As mulheres continuam a ser um dos elos mais frágeis do mercado de trabalho. O que é que as coloca nessa posição?
As mulheres ganham em média menos do que os homens, são também mais abrangidas pelo salário mínimo nacional e gastam mais 1h40 por dia do que os homens no chamado trabalho não remunerado [tarefas domésticas e familiares]. Por outro lado, as mulheres são mais vítimas de assédio e mais afectadas por doenças profissionais. Cada vez mais, no mundo do trabalho, as pessoas têm de funcionar sempre e têm de estar sempre disponíveis. E a mulher ainda é vista como alguém que tem menos disponibilidade por causa do seu papel de cuidadora dos filhos ou dos idosos. E em períodos de retrocesso social como os que vivemos nos anos da troika e do anterior Governo essas perspectivas vêm ao de cima com uma brutalidade enorme. Pensa-se que já evoluímos e afinal não evoluímos nada. A mulher tem a igualdade consagrada na lei, mas não a tem no trabalho e na vida.

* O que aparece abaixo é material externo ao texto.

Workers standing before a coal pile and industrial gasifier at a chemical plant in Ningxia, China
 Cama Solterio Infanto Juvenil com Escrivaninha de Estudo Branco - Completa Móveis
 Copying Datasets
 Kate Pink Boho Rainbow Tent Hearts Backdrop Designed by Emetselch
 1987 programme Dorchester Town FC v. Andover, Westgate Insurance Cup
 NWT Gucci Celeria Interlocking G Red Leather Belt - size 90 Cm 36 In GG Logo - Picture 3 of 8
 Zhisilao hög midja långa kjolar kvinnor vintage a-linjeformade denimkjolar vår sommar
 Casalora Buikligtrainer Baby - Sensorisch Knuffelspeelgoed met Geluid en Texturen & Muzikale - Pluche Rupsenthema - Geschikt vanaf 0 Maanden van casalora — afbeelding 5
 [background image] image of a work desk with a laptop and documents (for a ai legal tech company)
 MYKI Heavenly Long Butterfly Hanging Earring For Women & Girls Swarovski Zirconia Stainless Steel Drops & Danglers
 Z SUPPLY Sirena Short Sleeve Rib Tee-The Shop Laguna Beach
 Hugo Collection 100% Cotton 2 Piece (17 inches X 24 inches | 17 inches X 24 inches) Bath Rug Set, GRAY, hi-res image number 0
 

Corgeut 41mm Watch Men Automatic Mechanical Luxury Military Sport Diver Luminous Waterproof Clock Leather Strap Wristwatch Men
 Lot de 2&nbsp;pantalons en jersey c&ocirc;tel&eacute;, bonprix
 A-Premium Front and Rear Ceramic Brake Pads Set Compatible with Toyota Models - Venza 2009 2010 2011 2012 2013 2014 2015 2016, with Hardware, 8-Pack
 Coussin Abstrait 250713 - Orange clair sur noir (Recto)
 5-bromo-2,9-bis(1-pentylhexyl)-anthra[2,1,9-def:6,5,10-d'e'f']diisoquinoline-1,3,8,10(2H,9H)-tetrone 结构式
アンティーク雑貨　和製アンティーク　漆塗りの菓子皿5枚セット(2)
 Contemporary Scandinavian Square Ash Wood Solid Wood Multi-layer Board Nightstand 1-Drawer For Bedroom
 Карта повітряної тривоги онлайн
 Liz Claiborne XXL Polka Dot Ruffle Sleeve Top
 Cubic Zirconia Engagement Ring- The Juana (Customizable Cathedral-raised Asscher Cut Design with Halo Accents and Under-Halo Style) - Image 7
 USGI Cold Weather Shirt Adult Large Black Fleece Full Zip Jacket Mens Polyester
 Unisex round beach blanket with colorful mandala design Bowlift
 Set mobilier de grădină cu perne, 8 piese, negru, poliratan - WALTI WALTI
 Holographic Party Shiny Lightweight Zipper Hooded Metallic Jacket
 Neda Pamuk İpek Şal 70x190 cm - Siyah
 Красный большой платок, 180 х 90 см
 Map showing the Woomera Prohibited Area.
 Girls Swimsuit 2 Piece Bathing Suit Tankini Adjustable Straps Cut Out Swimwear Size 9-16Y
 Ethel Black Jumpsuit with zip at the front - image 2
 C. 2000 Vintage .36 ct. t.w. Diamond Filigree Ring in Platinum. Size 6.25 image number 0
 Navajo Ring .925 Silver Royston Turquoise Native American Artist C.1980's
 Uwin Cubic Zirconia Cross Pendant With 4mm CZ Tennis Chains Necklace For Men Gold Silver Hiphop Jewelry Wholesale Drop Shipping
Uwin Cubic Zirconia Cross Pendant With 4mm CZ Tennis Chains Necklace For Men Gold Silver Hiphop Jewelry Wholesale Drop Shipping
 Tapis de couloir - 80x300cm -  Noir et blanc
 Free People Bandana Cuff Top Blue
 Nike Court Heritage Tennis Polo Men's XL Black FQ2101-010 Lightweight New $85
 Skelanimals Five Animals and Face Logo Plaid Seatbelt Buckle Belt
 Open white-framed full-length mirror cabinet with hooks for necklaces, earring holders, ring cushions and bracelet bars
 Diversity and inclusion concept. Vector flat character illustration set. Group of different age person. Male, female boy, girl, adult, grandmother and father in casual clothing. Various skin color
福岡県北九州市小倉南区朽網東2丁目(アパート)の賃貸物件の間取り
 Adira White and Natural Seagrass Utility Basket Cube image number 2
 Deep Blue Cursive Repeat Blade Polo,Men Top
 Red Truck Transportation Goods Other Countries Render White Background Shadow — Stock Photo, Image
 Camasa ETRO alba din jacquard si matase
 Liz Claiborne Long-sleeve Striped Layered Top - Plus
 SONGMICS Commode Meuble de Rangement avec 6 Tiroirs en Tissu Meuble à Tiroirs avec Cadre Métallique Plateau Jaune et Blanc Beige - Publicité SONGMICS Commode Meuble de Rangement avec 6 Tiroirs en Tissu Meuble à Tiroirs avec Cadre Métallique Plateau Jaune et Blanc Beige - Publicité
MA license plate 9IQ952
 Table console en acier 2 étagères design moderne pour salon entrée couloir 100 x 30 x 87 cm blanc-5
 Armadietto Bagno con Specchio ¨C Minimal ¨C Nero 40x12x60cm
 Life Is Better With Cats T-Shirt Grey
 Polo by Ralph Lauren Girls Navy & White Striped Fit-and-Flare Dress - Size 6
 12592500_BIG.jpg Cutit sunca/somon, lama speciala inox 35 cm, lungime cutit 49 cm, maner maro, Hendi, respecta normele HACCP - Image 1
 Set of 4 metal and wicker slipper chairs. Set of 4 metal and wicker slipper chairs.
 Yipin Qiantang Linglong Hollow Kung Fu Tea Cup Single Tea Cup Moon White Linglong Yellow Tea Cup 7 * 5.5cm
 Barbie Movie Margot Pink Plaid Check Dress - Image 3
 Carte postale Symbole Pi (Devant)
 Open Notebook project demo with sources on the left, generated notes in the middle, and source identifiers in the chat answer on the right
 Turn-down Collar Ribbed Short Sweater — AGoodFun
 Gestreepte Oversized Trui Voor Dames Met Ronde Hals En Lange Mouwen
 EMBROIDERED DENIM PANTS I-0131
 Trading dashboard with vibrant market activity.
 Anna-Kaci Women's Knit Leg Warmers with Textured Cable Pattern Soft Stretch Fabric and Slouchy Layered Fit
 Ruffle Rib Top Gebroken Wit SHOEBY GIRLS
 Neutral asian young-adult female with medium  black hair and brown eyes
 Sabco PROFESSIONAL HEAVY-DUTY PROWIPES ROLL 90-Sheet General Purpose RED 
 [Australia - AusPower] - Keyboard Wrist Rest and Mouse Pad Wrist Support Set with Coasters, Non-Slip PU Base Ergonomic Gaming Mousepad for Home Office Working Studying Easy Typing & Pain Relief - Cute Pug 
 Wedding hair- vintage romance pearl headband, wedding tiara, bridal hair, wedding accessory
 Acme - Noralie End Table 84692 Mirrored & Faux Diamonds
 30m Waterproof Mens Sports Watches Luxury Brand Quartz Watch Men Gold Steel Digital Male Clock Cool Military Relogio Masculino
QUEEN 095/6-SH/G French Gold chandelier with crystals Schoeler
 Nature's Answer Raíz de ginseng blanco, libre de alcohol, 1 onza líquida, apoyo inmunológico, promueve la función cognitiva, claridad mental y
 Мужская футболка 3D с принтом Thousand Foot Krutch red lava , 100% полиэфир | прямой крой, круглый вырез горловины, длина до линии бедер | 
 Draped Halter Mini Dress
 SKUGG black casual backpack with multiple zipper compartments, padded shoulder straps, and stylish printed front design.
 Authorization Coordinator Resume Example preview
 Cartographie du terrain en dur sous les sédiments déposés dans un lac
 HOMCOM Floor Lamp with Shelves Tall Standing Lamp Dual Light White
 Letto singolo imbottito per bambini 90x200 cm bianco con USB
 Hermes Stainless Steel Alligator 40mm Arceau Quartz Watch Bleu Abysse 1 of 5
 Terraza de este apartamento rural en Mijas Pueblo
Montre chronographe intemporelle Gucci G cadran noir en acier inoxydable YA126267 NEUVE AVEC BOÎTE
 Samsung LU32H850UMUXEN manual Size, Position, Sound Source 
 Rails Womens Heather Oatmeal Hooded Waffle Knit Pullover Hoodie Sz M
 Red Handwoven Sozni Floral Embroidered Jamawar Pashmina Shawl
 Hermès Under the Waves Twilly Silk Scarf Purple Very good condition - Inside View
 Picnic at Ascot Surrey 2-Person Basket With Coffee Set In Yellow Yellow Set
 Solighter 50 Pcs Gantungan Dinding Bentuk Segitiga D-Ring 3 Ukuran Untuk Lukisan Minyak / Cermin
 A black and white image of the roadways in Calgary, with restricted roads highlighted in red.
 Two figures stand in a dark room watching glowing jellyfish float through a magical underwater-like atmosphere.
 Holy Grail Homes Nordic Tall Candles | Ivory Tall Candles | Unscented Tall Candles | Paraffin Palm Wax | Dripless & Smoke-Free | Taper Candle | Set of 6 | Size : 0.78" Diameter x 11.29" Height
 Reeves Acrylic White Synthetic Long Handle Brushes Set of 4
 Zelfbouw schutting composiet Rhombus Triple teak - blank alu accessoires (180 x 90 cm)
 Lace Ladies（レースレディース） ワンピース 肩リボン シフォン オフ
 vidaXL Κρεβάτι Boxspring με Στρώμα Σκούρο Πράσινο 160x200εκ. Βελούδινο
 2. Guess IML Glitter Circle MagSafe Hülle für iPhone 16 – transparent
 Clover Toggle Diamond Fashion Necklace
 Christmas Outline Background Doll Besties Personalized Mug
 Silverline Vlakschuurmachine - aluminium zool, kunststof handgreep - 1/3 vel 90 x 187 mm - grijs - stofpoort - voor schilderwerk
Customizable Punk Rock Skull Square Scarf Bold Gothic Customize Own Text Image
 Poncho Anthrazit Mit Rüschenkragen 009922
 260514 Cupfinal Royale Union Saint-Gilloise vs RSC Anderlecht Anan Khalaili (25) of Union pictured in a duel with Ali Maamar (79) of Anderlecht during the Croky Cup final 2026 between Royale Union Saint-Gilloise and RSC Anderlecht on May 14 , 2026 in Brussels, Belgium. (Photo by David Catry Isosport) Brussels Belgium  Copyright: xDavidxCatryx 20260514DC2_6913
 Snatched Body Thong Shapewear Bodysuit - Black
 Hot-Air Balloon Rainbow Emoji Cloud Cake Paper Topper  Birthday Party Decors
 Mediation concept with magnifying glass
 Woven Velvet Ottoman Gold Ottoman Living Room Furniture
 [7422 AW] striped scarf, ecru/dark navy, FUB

Qual o papel da contratação colectiva na redução das desigualdades?
A contratação colectiva pode e deve dar resposta a isto. Responderia melhor se não estivesse bloqueada. A não existência de contratação colectiva tem provocado efeitos devastadores nos locais de trabalho, porque as empresas passaram a disponibilizar dinheiro mais para as remunerações variáveis do que para a actualização dos salários. E as remunerações variáveis quase sempre assentam em avaliações de desempenho que têm uma medida comum, a disponibilidade e a assiduidade. E aí a mulher sai penalizada.

Os temas da desigualdade e da conciliação entre o trabalho e a vida pessoal e familiar estão presentes na contratação colectiva?
Da parte dos sindicatos sim. A resposta do outro lado geralmente é negativa. Estamos a preparar um clausulado de referência para confrontar o patronato com cláusulas específicas sobre a questão da igualdade. Mas o próprio patronato desvaloriza e não tem interesse nestas matérias e remete para o que está na lei. Mas cada sector é um caso e tem as suas especificidades. Temos situações de entidades patronais que não respeitam o direito de amamentação quase como se houvesse um desconhecimento do factor biológico da questão.

No ano passado, o sector do calçado deu um passo significativo na eliminação das desigualdades salariais entre homens e mulheres. Há outros sectores que também já deram passos nesse sentido?
No sector da cortiça, em 2008. Na altura, as trabalhadoras corticeiras ganhavam menos 96 euros por mês do que os homens para trabalho de valor igual e no contrato colectivo foi feito um acordo a oito anos em que as trabalhadoras tinham, além dos aumentos salariais, uma actualização suplementar. Temos também alguns acordos de empresa no sector vidreiro, em que se fez uma majoração para ir aproximando o salário das mulheres do dos homens.